WORK INSTRUCTION:
The full listing below is to be written out exactly.

RECORDS FOR THE EXERCISE:

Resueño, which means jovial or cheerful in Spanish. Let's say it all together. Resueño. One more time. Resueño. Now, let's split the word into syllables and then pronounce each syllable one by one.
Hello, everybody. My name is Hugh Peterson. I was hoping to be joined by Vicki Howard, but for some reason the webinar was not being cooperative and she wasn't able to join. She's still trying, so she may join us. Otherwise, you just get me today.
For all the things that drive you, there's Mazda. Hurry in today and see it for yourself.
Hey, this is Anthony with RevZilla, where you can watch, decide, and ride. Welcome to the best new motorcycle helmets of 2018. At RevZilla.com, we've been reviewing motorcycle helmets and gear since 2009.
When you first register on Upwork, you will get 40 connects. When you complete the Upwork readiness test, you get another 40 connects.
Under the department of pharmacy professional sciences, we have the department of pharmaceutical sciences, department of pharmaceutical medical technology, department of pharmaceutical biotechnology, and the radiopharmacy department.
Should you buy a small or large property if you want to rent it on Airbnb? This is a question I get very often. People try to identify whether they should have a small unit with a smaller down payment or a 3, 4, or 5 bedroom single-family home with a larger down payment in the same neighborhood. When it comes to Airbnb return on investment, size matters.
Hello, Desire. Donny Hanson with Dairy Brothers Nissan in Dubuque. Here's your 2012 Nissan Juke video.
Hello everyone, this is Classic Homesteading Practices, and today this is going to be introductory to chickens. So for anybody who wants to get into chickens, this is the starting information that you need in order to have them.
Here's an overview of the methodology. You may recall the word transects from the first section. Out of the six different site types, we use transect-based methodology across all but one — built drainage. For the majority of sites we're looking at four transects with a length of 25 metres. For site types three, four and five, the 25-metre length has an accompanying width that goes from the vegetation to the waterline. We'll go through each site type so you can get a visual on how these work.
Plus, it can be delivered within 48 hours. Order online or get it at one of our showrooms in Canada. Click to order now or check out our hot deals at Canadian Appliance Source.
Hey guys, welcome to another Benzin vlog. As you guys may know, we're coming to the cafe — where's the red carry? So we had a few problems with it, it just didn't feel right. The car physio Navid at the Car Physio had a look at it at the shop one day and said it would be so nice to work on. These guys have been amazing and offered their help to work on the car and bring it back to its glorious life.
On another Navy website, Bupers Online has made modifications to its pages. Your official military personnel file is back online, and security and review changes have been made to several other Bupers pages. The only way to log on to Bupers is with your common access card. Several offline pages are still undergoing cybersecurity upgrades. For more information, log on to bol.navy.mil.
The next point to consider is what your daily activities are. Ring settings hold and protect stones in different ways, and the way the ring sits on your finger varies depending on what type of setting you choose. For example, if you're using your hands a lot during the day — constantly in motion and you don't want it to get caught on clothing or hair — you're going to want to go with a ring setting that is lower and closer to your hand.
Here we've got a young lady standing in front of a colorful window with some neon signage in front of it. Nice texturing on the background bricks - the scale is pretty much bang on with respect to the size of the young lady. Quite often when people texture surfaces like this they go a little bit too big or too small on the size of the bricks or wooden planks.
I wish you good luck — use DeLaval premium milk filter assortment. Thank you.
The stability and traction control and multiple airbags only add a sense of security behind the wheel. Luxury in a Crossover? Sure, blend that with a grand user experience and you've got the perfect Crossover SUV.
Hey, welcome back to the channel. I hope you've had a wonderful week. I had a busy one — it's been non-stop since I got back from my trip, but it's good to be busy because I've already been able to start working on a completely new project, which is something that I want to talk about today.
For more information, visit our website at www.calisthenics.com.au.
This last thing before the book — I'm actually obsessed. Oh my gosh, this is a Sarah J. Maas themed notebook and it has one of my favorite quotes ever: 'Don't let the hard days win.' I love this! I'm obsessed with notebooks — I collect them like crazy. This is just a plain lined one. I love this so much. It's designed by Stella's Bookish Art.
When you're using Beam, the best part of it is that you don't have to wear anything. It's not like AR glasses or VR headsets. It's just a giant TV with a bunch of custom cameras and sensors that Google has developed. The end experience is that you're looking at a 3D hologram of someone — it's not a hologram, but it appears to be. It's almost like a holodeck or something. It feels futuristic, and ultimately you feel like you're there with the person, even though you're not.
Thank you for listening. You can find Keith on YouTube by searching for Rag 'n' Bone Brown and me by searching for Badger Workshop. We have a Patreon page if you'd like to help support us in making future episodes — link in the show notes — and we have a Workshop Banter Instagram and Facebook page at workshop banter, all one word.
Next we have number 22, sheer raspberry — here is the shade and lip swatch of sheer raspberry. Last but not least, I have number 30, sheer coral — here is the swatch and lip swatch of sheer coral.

TASK RESPONSE:
Resueño, which means jovial or cheerful in Spanish. Let's say it all together. Resueño. One more time. Resueño. Now, let's split the word into syllables and then pronounce each syllable one by one.
Hello, everybody. My name is Hugh Peterson. I was hoping to be joined by Vicki Howard, but for some reason the webinar was not being cooperative and she wasn't able to join. She's still trying, so she may join us. Otherwise, you just get me today.
For all the things that drive you, there's Mazda. Hurry in today and see it for yourself.
Hey, this is Anthony with RevZilla, where you can watch, decide, and ride. Welcome to the best new motorcycle helmets of 2018. At RevZilla.com, we've been reviewing motorcycle helmets and gear since 2009.
When you first register on Upwork, you will get 40 connects. When you complete the Upwork readiness test, you get another 40 connects.
Under the department of pharmacy professional sciences, we have the department of pharmaceutical sciences, department of pharmaceutical medical technology, department of pharmaceutical biotechnology, and the radiopharmacy department.
Should you buy a small or large property if you want to rent it on Airbnb? This is a question I get very often. People try to identify whether they should have a small unit with a smaller down payment or a 3, 4, or 5 bedroom single-family home with a larger down payment in the same neighborhood. When it comes to Airbnb return on investment, size matters.
Hello, Desire. Donny Hanson with Dairy Brothers Nissan in Dubuque. Here's your 2012 Nissan Juke video.
Hello everyone, this is Classic Homesteading Practices, and today this is going to be introductory to chickens. So for anybody who wants to get into chickens, this is the starting information that you need in order to have them.
Here's an overview of the methodology. You may recall the word transects from the first section. Out of the six different site types, we use transect-based methodology across all but one — built drainage. For the majority of sites we're looking at four transects with a length of 25 metres. For site types three, four and five, the 25-metre length has an accompanying width that goes from the vegetation to the waterline. We'll go through each site type so you can get a visual on how these work.
Plus, it can be delivered within 48 hours. Order online or get it at one of our showrooms in Canada. Click to order now or check out our hot deals at Canadian Appliance Source.
Hey guys, welcome to another Benzin vlog. As you guys may know, we're coming to the cafe — where's the red carry? So we had a few problems with it, it just didn't feel right. The car physio Navid at the Car Physio had a look at it at the shop one day and said it would be so nice to work on. These guys have been amazing and offered their help to work on the car and bring it back to its glorious life.
On another Navy website, Bupers Online has made modifications to its pages. Your official military personnel file is back online, and security and review changes have been made to several other Bupers pages. The only way to log on to Bupers is with your common access card. Several offline pages are still undergoing cybersecurity upgrades. For more information, log on to bol.navy.mil.
The next point to consider is what your daily activities are. Ring settings hold and protect stones in different ways, and the way the ring sits on your finger varies depending on what type of setting you choose. For example, if you're using your hands a lot during the day — constantly in motion and you don't want it to get caught on clothing or hair — you're going to want to go with a ring setting that is lower and closer to your hand.
Here we've got a young lady standing in front of a colorful window with some neon signage in front of it. Nice texturing on the background bricks - the scale is pretty much bang on with respect to the size of the young lady. Quite often when people texture surfaces like this they go a little bit too big or too small on the size of the bricks or wooden planks.
I wish you good luck — use DeLaval premium milk filter assortment. Thank you.
The stability and traction control and multiple airbags only add a sense of security behind the wheel. Luxury in a Crossover? Sure, blend that with a grand user experience and you've got the perfect Crossover SUV.
Hey, welcome back to the channel. I hope you've had a wonderful week. I had a busy one — it's been non-stop since I got back from my trip, but it's good to be busy because I've already been able to start working on a completely new project, which is something that I want to talk about today.
For more information, visit our website at www.calisthenics.com.au.
This last thing before the book — I'm actually obsessed. Oh my gosh, this is a Sarah J. Maas themed notebook and it has one of my favorite quotes ever: 'Don't let the hard days win.' I love this! I'm obsessed with notebooks — I collect them like crazy. This is just a plain lined one. I love this so much. It's designed by Stella's Bookish Art.
When you're using Beam, the best part of it is that you don't have to wear anything. It's not like AR glasses or VR headsets. It's just a giant TV with a bunch of custom cameras and sensors that Google has developed. The end experience is that you're looking at a 3D hologram of someone — it's not a hologram, but it appears to be. It's almost like a holodeck or something. It feels futuristic, and ultimately you feel like you're there with the person, even though you're not.
Thank you for listening. You can find Keith on YouTube by searching for Rag 'n' Bone Brown and me by searching for Badger Workshop. We have a Patreon page if you'd like to help support us in making future episodes — link in the show notes — and we have a Workshop Banter Instagram and Facebook page at workshop banter, all one word.
Next we have number 22, sheer raspberry — here is the shade and lip swatch of sheer raspberry. Last but not least, I have number 30, sheer coral — here is the swatch and lip swatch of sheer coral.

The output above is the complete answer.